[Note: This article was published in OC-Media. It is available in Georgian, here. David Sichinava is the Research Director at CRRC-Georgia. The views expressed in this article represent the views of the author alone. The article was written within the auspices of the Russian Propaganda Barometer Project funded through the East-West Management Institute’s ACCESS program.]
Since the mid-2000s, numerous media and academic sources have alleged that Russia is weaponising far-right and anti-liberal politics worldwide. This can be seen in Russian support for organised far-right groups within the EU, which in turn are used to attempt to influence domestic and regional politics.
Russian political elites have further used the anti-liberal far-right through the promotion of what has been called the ‘Russian model’ of authoritarian rule.
A crucial component of the model promotes Russia’s image as a protector of ‘traditional values’, including pro-religious and socially conservative views. Taken collectively, these far-right groups’ efforts can be understood as aimed at manipulating European public opinion through engendering anti-liberal sentiment within the EU.

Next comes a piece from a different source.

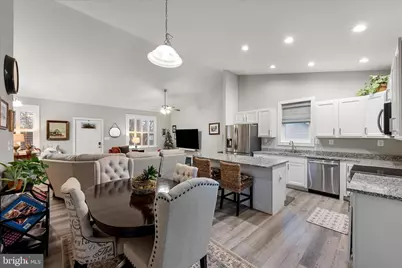 103 Quail Court, Cross Junction, VA 22625 - Photo 18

To understand potential sources of Russian propaganda in Georgia and the far-right more broadly, CRRC-Georgia’s study analysed more than 26,000 posts from approximately 70 far-right Georgian-language Facebook pages.

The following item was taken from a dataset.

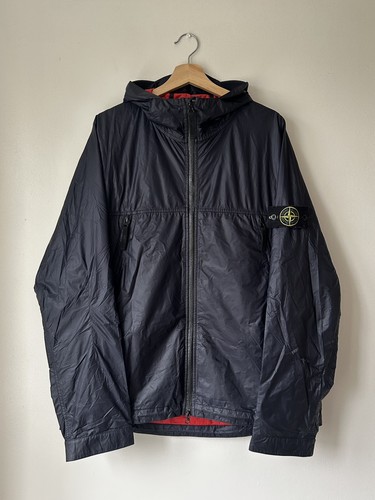 Stone island micro - island, rip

The data suggest a growing appetite among Georgians for radical right-wing ideas. Between late 2015 to mid-2018, page likes for far-right pages increased eight-fold, from 89,000 to 760,000. Although there is clearly increased engagement on social media, this likely also reflects increased internet penetration in Georgia, with new internet users with previously far-right ideas finding far-right Facebook groups.
Besides purely nationalist sentiments, these groups are apt to criticise the liberal world order from a right-wing perspective, thus resonating with what Russia has endorsed. Some pages also reflect specific Russian talking points.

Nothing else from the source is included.